Oledcomm développe deux projets retenus par l’Otan pour sécuriser des communications optiques sans fil avec des drones

Lisa et Clovis, tels sont les noms donnés aux projets retenus par l’OTAN dans le cadre de son programme Diana (Defence Innovation Accelerator for the North Atlantic - Accélérateur d'innovation de défense pour l'Atlantique Nord) issus de propositions émises par la société française Oledcomm, spécialiste des communications optiques et connue pour son expertise dans le domaine du Li-Fi.

Objectif de ces projets : mieux sécuriser les communications entre drones, et entre drones et opérateurs dans un contexte militaire.

Dans ce cadre, Oledcomm indique qu’avec l’emploi généralisé des drones dans les combats et les renseignements, l’utilisation de systèmes de détection et de brouillage devient de plus en plus performants. D’où l’intérêt de développé des initiatives sur ce sujet, en partant de besoins opérationnels avérés.

Et ce sur un marché des communications militaires en pleine expansion.

Le premier projet, Lisa, propose la mise en couvre de communications sécurisées par la lumière, insensibles au brouillage entre un drone et un opérateur, afin de protéger les vols de drones. En utilisant la lumière invisible - les communication Li-Fi - pour contourner la saturation du spectre radiofréquence, Lisa a pour objectif d’autoriser des transmissions de données rapides vers et depuis les drones et de renforcer la résilience face aux interférences, à la géolocalisation et au piratage.

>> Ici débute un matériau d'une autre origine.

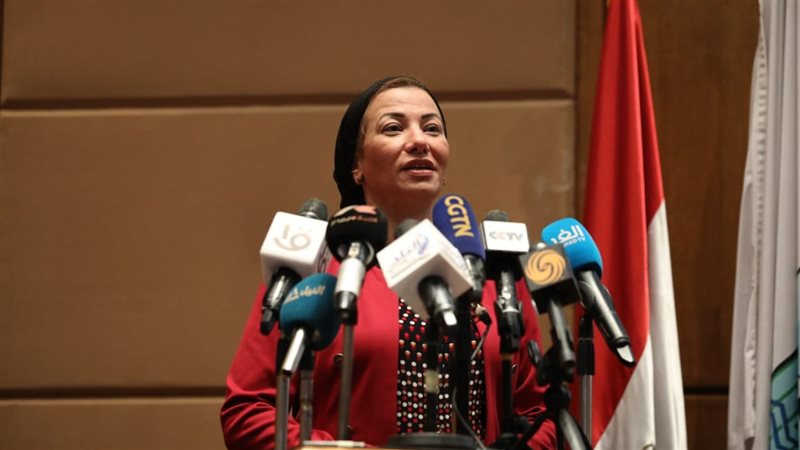 وزيرة البيئة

Selon Oledcomm cette approche est particulièrement adaptée pour équiper les postes de commandement sous blindage et soutenir les opérations furtives.

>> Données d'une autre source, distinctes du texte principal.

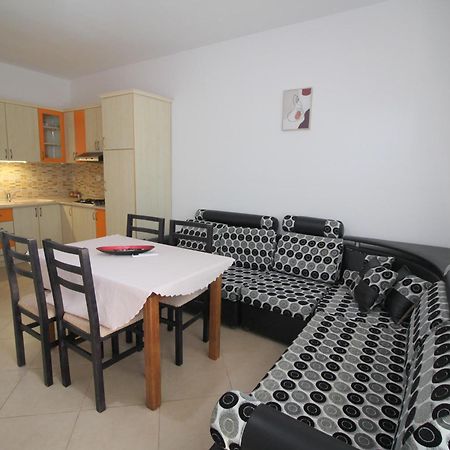 July Seaview Apartments ساراندا المظهر الخارجي الصورة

Le projet Clovis, de son côté, permet d'établir un réseau maillé en Li-Fi (Mes LiFi) sécurisé entre cinq véhicules en moins de cinq minutes, dixit OledComm. Les ondes lumineuses non détectable, non-interceptables et non-brouillables permettent ici de réduire la vulnérabilité des opérateurs.

Le système automatisé de détection et tracking envisagé permettra de soulager la charge mentale des utilisateurs, et résilience de la technologie facilitera la continuité les opérations malgré les tentatives de brouillage des potentiels personnes malveillantes. Avec à la clé un fonctionnement est automatisé : détection des participants (véhicules sur le terrai) alignement des liaisons lumineuses maintien du réseau en conditions dégradées. Ce qui fournit alors un réseau dynamique, capable de continuer à fonctionner même sous la présence d’attaques élecrtromagnértiques.

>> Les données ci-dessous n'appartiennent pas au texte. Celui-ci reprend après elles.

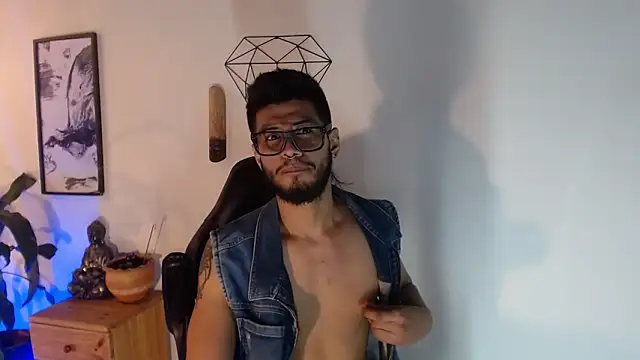 Colby_brown03 élő XXX-chatje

En d’autres termes, une unité de combat ou de reconnaissance peut ainsi conserver ses communications même dans un environnement où toutes les radios seraient neutralisées.

Au coeur de ces solutions, se trouve la technologie Li-Fi dont Oledcomm est un des pionniers, et qui a déjà été déployée par les forces françaises lors des exercices militaires DAFA 25 et SJIO 25. Récemment, la technologie d’OledComm a aussi été choisie par le CNES (Centre National d’Etude Spatiale), dans le cadre du programme France 2030, afin de développer un terminal laser miniature baptisé Luci (Liaison Ultra Compact Inter-satellite) capable de supporter un service de communications bidirectionnelles inter-satellites par voie lumineuse.

Pour rappel, le LiFi standardisé selon norme IEEE 802.11bb, publiée en 2023 (voir notre article), est une technologie sans fil qui s'appuie sur la lumière plutôt que sur les fréquences radio pour transmettre des données. Le Li-Fi utilise la lumière à des longueurs d’onde comprises entre 800 nm et 1 000 nm et procure une forte résistance vis-à-vis des perturbations électromagnétiques et des attaques.cyber par rapport aux signaux radio avec les technologies telles que le Wi-Fi et la 5G.

(*) Le programme DIANA aide des chercheurs et entrepreneurs venant des pays membres de l’Otan à développer des technologies destinées à garantir la sécurité des populations des pays dans un contexte géopolitique instable.